(Stored dataset items)

----------

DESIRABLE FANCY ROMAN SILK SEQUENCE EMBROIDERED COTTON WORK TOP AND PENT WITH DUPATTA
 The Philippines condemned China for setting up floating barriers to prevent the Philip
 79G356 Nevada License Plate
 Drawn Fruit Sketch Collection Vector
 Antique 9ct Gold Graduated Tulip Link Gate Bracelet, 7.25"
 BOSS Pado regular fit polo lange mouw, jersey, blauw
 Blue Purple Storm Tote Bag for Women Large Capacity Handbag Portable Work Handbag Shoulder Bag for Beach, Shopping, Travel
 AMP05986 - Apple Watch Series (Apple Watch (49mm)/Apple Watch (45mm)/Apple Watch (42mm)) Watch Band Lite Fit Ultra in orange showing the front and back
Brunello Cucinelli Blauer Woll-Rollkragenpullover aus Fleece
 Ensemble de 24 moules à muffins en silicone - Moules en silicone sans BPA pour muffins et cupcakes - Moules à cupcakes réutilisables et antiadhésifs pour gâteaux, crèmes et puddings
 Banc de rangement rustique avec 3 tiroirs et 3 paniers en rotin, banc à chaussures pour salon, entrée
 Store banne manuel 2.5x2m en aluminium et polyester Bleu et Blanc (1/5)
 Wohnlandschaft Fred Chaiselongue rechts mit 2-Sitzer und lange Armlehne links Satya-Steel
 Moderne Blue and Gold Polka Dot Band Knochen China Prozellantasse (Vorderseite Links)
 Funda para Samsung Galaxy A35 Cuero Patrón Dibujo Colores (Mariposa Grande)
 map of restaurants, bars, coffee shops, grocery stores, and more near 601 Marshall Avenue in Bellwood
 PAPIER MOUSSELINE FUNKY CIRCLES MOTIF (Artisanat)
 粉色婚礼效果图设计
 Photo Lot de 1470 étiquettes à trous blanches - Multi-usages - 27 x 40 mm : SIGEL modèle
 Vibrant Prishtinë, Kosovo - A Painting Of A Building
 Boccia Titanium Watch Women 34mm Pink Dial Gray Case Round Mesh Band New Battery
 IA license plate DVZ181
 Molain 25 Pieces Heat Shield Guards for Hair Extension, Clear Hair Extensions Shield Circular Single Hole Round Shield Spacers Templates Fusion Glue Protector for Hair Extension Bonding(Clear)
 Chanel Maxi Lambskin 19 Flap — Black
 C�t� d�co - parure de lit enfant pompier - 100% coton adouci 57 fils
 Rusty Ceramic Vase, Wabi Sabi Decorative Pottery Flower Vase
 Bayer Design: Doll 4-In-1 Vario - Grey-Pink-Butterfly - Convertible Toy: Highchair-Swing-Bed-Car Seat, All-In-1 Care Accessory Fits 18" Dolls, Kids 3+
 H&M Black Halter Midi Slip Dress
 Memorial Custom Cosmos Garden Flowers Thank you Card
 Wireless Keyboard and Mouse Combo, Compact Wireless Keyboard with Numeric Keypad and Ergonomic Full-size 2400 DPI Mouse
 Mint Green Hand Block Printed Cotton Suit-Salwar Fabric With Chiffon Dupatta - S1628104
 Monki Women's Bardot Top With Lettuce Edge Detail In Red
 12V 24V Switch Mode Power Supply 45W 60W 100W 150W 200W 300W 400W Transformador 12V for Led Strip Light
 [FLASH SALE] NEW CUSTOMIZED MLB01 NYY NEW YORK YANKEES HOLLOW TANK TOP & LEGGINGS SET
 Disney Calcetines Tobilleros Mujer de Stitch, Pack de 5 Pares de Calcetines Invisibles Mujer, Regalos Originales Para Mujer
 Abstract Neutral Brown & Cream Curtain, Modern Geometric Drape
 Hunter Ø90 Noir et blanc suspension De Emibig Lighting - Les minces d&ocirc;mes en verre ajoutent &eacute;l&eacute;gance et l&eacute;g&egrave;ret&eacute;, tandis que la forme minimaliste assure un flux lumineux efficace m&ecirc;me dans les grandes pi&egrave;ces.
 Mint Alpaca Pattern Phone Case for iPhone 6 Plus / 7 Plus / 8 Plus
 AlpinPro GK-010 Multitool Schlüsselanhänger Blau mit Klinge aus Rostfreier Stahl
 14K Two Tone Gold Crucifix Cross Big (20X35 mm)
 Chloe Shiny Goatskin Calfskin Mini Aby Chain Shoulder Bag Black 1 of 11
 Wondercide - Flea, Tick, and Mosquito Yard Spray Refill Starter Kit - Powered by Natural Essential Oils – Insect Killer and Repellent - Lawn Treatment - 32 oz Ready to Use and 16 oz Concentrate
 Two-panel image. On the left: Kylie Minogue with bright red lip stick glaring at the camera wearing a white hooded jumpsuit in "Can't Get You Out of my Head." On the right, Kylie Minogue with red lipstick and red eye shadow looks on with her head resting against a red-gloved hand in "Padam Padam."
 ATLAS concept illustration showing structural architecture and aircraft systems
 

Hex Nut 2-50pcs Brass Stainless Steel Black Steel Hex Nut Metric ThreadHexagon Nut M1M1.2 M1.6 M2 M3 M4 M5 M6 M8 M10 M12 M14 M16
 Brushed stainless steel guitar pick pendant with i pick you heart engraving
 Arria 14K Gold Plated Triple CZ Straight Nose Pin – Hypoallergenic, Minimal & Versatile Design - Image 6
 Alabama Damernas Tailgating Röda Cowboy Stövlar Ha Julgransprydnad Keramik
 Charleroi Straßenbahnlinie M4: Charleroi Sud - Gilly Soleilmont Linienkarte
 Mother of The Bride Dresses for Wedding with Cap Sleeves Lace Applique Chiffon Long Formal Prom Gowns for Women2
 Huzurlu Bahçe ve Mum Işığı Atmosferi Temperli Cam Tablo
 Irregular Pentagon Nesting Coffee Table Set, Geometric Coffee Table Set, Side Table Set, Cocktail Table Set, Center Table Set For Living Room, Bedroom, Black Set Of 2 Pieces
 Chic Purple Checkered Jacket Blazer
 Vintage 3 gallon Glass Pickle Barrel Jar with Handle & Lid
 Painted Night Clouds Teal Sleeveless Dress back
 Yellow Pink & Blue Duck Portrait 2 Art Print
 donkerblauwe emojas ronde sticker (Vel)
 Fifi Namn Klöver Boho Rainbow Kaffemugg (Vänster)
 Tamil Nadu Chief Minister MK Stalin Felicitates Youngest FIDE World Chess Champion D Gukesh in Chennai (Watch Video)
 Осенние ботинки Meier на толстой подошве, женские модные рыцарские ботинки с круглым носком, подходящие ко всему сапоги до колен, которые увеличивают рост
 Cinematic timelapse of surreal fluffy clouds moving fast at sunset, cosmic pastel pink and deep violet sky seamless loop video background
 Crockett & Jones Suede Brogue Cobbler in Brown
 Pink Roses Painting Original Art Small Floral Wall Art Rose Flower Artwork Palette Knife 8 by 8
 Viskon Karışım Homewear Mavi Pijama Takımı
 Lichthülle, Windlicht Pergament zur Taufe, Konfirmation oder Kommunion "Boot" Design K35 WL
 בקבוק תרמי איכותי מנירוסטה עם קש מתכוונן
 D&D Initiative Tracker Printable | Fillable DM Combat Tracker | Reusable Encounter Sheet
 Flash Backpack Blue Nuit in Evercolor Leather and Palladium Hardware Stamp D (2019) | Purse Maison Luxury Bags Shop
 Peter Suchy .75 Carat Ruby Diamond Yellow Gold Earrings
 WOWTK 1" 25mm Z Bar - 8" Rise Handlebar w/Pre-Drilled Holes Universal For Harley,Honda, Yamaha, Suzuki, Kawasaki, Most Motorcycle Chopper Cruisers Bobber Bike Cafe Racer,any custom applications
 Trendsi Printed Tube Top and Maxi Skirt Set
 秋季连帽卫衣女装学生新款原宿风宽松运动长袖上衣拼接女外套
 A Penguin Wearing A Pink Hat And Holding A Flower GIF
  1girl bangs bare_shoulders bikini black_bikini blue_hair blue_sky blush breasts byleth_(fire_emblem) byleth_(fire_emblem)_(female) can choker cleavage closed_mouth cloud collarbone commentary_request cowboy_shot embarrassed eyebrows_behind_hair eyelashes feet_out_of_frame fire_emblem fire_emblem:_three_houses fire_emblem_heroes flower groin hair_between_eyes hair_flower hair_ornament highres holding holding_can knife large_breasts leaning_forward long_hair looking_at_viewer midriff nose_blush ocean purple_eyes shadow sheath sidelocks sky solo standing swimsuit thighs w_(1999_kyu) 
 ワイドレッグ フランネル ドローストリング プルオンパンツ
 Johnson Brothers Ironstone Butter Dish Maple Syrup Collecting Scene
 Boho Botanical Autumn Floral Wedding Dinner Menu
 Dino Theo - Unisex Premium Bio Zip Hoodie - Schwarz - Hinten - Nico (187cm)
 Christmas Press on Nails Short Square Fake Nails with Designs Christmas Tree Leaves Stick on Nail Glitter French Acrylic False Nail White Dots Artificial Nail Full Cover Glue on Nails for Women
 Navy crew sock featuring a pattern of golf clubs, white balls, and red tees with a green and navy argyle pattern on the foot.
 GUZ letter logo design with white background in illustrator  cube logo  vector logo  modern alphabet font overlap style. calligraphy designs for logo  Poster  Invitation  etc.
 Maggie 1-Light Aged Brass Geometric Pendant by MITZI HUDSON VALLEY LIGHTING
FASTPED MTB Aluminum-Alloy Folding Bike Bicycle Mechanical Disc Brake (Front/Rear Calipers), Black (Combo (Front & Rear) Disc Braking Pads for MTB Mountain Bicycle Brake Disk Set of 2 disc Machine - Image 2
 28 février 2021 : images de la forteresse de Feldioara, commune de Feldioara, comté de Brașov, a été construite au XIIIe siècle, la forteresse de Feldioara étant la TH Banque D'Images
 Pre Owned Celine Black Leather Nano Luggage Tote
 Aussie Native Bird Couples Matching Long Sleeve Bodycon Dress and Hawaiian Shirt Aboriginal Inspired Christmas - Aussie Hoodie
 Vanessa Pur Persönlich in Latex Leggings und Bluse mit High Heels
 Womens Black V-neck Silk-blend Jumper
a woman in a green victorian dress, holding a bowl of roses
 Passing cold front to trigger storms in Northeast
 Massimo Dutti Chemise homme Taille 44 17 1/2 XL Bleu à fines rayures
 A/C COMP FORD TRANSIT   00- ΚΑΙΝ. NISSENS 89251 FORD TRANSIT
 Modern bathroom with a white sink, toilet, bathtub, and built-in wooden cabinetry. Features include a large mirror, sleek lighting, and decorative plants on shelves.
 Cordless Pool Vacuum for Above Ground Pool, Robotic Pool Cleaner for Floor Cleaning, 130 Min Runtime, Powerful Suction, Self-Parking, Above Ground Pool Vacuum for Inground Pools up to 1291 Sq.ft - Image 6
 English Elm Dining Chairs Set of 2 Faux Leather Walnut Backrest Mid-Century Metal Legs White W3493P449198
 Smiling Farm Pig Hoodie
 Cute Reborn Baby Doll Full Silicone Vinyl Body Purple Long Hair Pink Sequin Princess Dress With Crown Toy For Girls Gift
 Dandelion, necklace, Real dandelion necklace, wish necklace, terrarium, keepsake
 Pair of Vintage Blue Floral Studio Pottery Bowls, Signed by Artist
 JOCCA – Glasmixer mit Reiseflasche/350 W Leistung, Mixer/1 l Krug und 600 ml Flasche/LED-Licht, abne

----------

What belongs in the answer is each line of the data that has the word "Hoodie".

» **Exercise solution**:
 Dino Theo - Unisex Premium Bio Zip Hoodie - Schwarz - Hinten - Nico (187cm)
 Aussie Native Bird Couples Matching Long Sleeve Bodycon Dress and Hawaiian Shirt Aboriginal Inspired Christmas - Aussie Hoodie
 Smiling Farm Pig Hoodie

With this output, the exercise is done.